Too many activists I know struggle with traumatic experiences growing up and try to find ways to survive through getting involved in activist collectives. More often than not, in social cause-based collectives, you are bound to encounter people who can relate to what you went through on a personal not just political level. The types of people we meet are multifaceted of course, and no two stories are the same. But we look for commonalities to interact and eventually find ourselves being drawn to people who reject mainstream values and lifestyles and seek to build their own little utopias away from oppressor-run society. These are often referred to as safe spaces.
However these activist spaces become sites of unresolved effects of various levels and systems of oppressions too. For all that safe spaces policy advocates have done, there is still a lot more about spaces – particularly the intangible, non-material, invisible to the human eye – that has yet to be safe for all victim-survivor activists to participate in. Recently there has also been a trend in making spaces “intersectional” in which people are expected or at least should expect to consistently exercise their awareness, checking in on their privileges amongst other activist fellows, and finding ways to diffuse complicities by self and collectively creating equitable opportunities, policies and resources for those let’s call us- intermarginalised folks- within these spaces. Put simply, it is very hard work being an activist these days.

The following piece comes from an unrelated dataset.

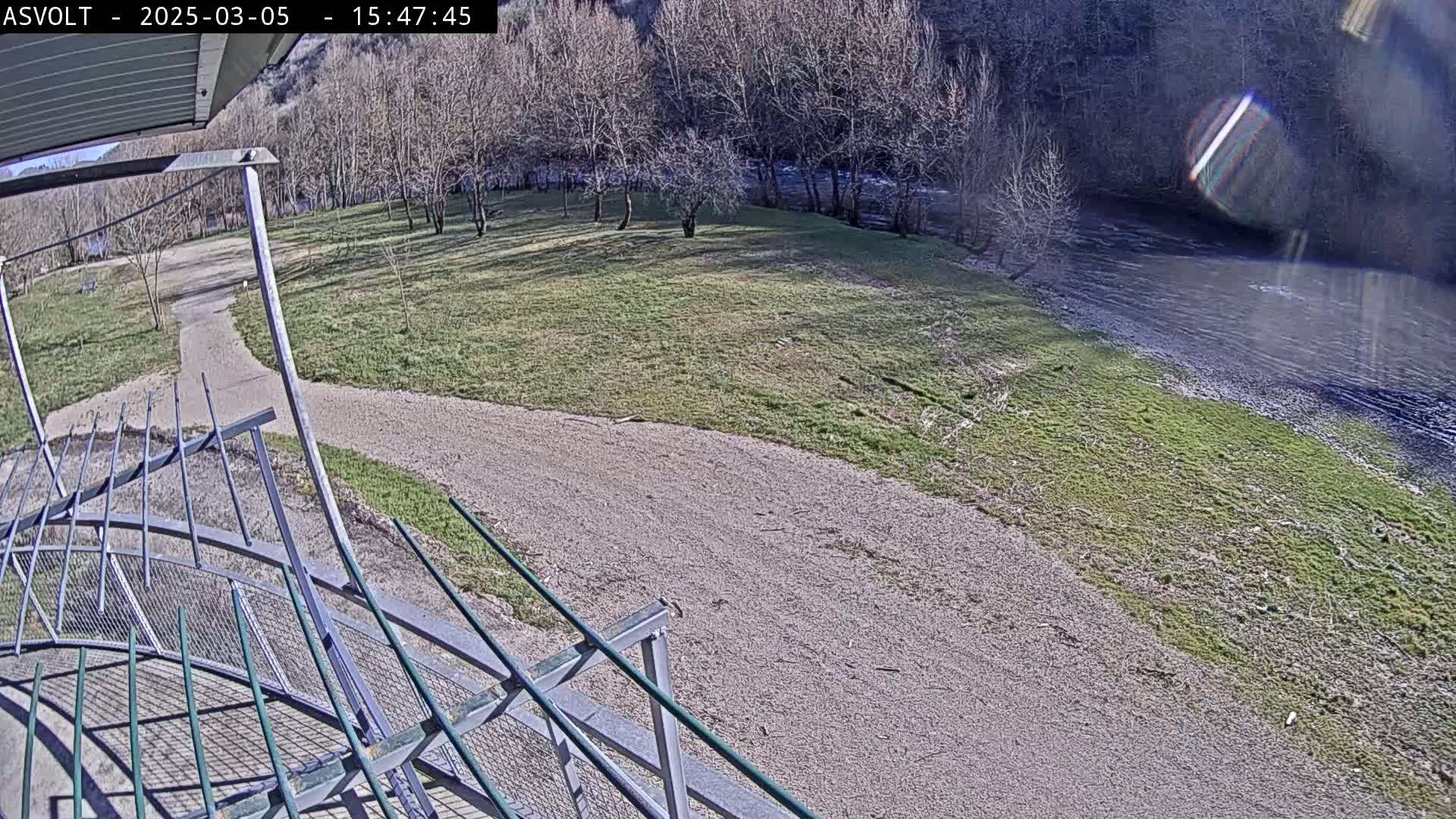 A sunny view from an elevated position shows a gravel path leading to a grassy area beside a river, partially obscured by a metal railing in the foreground.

Gone were the days when you are just trying to survive, connect and support other people who’s gone through the same shit as you. And am not sure if anyone noticed but all these consistent thinking efforts makes me feel even more paranoid, self-conscious and unsafe being in activist spaces. “Well, I’m Muslim…” I may say to someone at an environmental justice forum, extending a handshake and that person may be an Atheist Islamophobe hiding behind an animal rights organiser nametag, who has already labelled me a transphobe based on what they read or heard about me.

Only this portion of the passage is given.